===== EXERCISE INPUTS =====
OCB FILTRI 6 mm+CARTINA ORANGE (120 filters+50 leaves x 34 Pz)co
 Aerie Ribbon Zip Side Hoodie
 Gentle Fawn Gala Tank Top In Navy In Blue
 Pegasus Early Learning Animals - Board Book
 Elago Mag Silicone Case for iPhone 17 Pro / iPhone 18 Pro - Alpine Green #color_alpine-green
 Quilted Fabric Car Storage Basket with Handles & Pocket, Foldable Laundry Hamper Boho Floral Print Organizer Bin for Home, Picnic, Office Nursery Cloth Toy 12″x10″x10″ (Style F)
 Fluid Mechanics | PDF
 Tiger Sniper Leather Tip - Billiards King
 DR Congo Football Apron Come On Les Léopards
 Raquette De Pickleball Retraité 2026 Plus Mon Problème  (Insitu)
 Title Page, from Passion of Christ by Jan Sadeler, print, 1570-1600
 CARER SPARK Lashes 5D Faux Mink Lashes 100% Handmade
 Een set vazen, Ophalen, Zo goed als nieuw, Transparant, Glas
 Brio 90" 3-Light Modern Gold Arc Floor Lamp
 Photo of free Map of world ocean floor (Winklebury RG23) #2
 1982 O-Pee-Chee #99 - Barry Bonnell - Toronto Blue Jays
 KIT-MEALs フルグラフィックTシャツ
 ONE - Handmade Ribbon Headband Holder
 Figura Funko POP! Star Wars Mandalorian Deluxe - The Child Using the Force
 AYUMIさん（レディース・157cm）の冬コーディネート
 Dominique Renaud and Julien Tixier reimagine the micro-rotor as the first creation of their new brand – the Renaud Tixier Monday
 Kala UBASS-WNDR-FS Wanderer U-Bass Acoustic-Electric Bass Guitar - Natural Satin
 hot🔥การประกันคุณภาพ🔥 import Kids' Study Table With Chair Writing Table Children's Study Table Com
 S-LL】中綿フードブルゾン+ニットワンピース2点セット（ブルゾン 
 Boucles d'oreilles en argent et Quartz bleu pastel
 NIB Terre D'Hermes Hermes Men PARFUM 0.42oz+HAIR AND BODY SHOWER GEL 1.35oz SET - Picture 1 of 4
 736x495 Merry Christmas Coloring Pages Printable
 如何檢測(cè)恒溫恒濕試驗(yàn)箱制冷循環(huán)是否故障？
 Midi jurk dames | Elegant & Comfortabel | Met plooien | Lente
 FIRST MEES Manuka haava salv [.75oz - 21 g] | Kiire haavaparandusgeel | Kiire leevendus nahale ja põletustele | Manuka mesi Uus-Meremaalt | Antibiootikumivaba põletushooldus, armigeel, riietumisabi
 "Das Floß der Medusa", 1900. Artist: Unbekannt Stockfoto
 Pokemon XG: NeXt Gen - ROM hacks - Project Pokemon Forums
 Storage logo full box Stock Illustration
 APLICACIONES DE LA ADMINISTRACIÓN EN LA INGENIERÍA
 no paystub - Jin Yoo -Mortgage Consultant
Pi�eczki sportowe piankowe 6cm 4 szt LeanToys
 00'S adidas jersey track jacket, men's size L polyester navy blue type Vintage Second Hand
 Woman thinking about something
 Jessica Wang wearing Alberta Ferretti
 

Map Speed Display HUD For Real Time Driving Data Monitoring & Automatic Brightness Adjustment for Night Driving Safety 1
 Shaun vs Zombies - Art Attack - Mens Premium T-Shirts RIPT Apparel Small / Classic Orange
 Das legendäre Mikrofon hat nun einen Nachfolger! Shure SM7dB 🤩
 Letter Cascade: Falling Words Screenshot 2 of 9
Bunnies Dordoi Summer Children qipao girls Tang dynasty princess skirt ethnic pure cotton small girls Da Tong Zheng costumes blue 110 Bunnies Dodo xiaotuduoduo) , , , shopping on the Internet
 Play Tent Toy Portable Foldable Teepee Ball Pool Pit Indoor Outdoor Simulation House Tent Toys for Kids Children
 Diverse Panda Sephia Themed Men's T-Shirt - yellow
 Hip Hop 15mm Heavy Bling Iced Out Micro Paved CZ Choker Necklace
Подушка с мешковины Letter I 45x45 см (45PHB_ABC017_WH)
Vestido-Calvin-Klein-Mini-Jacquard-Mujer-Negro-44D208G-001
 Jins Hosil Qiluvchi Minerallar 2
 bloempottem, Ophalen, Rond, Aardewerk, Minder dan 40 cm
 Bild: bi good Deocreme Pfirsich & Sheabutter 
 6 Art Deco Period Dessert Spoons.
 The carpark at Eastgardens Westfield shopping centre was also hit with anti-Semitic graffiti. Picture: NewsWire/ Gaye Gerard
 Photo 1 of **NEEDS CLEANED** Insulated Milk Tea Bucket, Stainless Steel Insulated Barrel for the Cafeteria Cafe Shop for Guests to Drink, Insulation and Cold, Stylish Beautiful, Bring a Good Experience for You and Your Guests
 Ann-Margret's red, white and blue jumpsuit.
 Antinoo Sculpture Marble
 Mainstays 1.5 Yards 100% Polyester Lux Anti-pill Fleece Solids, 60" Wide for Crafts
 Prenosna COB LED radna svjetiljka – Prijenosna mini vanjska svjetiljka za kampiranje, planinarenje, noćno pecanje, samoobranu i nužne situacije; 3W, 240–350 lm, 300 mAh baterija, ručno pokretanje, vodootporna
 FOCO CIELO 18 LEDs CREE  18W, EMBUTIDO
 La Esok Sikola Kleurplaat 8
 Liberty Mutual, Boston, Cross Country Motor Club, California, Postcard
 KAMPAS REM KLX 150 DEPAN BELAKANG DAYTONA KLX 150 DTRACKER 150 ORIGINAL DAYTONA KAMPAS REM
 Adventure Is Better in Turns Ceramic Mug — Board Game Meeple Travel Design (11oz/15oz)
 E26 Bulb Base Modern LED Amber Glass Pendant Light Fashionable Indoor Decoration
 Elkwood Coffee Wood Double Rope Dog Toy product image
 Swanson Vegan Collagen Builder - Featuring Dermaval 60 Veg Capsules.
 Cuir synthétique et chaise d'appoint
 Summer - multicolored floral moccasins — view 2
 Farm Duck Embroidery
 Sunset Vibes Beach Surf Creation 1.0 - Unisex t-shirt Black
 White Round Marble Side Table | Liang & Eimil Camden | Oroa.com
=====
## EXERCISE DETAILS
Look above for the line with "AYUMIさん（レディース・157cm）の冬コーディネート" and the line with "no paystub - Jin Yoo -Mortgage Consultant"; transcribe both and all lines in between, exactly, and nothing else.

## ANSWER BELOW
 AYUMIさん（レディース・157cm）の冬コーディネート
 Dominique Renaud and Julien Tixier reimagine the micro-rotor as the first creation of their new brand – the Renaud Tixier Monday
 Kala UBASS-WNDR-FS Wanderer U-Bass Acoustic-Electric Bass Guitar - Natural Satin
 hot🔥การประกันคุณภาพ🔥 import Kids' Study Table With Chair Writing Table Children's Study Table Com
 S-LL】中綿フードブルゾン+ニットワンピース2点セット（ブルゾン 
 Boucles d'oreilles en argent et Quartz bleu pastel
 NIB Terre D'Hermes Hermes Men PARFUM 0.42oz+HAIR AND BODY SHOWER GEL 1.35oz SET - Picture 1 of 4
 736x495 Merry Christmas Coloring Pages Printable
 如何檢測(cè)恒溫恒濕試驗(yàn)箱制冷循環(huán)是否故障？
 Midi jurk dames | Elegant & Comfortabel | Met plooien | Lente
 FIRST MEES Manuka haava salv [.75oz - 21 g] | Kiire haavaparandusgeel | Kiire leevendus nahale ja põletustele | Manuka mesi Uus-Meremaalt | Antibiootikumivaba põletushooldus, armigeel, riietumisabi
 "Das Floß der Medusa", 1900. Artist: Unbekannt Stockfoto
 Pokemon XG: NeXt Gen - ROM hacks - Project Pokemon Forums
 Storage logo full box Stock Illustration
 APLICACIONES DE LA ADMINISTRACIÓN EN LA INGENIERÍA
 no paystub - Jin Yoo -Mortgage Consultant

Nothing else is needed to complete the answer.